→ **Exercise**:
In the entries below, find the line containing "Geekria Quickfit Leatherette" and the line containing "Manuale Samsung CE281DN Microonde". Copy those two lines and everything between them exactly, and only that.

→ **Data provided**:
------------------------
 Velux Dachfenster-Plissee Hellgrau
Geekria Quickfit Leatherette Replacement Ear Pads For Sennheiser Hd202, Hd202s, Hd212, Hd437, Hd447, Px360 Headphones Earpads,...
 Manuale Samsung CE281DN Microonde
------------------------
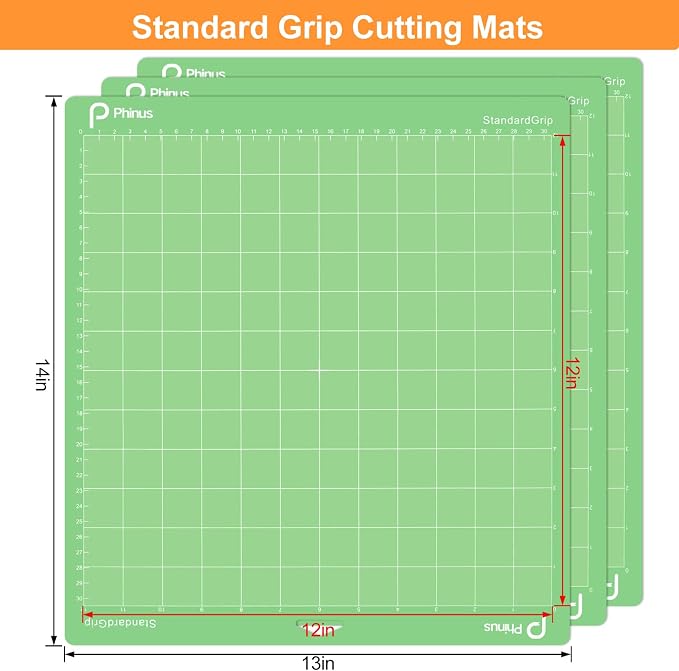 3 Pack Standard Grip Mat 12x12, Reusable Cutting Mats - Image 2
------------------------
→ **Reply to the exercise**:
Geekria Quickfit Leatherette Replacement Ear Pads For Sennheiser Hd202, Hd202s, Hd212, Hd437, Hd447, Px360 Headphones Earpads,...
 Manuale Samsung CE281DN Microonde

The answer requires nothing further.